Seeing that I’m obviously awake, she shoves the door open further and scampers into my room, tail wagging and bum wiggling close to the floor as she dances in excitement.
“Morning, Demeter.” I stroke her gently. “Where’s Circe?”
She gives a cute little snuffle before grasping the leg of my pyjamas in her teeth and tugging. I stand, and she pulls me in the direction of the door.
“Demeter, let go. I need to use the bathroom,” I tell her in the firmest voice I can muster this early in the morning. But really, I should know better. There’s only one person she listens to, and that’s Pop.

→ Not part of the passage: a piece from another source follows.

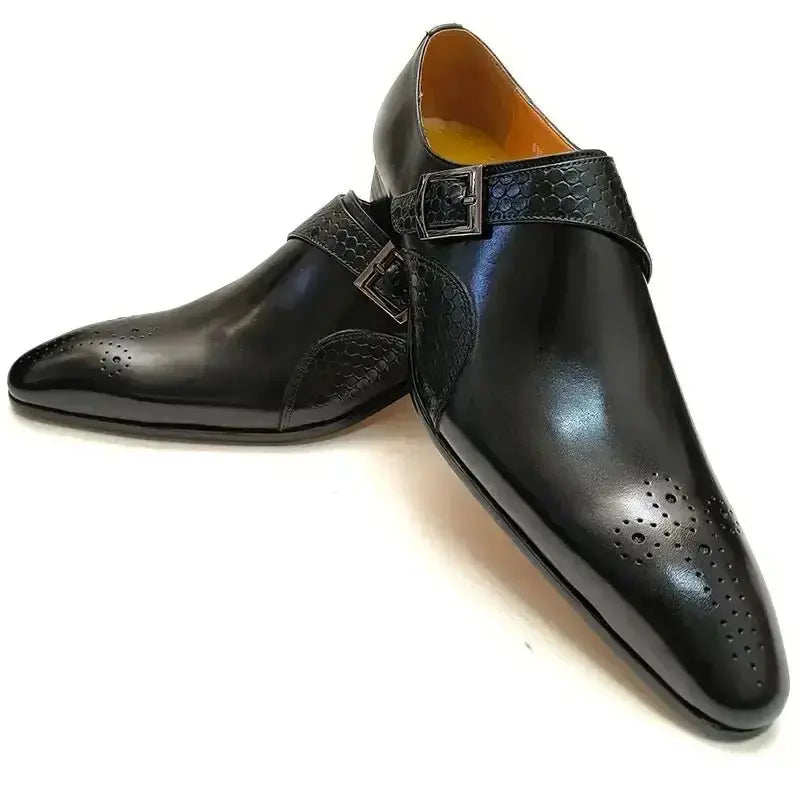 Elegant Men's Blue & Black Loafers | Breathable Handmade Leather Dress Shoes - Prestiqlo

She yanks on me again to get me moving.
“Okay, okay,” I protest as the small but cute menace continues to drag me along like I’m a stick. “I’m coming, you can let go.”

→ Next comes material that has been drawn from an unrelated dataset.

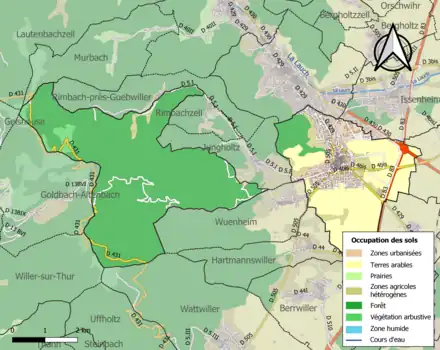 Carte en couleurs présentant l'occupation des sols.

She doesn’t. I roll my eyes and try not to trip over her. She leads me downstairs to the kitchen where I’m hit with the mouthwatering scent of bacon.
“There you are.” Pop looks up from the pan and smiles. Demeter finally lets go and makes a beeline for her favourite person in the world. “What a good girl. You found Harrison, yes you did. Who’s my clever girl?”
I watch as he picks up a piece of bacon from a stack piled high on one of the three plates lined up on the counter.
“That better not be my plate.” My eyes narrow as he fusses over the spoiled cockapoo. “Did you get her to fetch me? I’m not a bloody tennis ball,” I mutter, and Pop grins at me.
“Obviously not, but I know you too well. You would have been up there brooding. Am I right?”
I sigh and then stare at him dryly. “I need to pee.”
Turning sharply, I head out of the kitchen and almost collide with Dad, who swerves expertly and dances out of my way.
“Whoa, where’s the fire?”
“Demeter wouldn’t let me use the bathroom before she dragged me to the kitchen so she could be rewarded with bacon, and my bladder is really not appreciating her devotion to fried pork products right now.”
“Message received. I’ll just get out of your way.” He laughs and heads into the kitchen to give Pop a kiss good morning.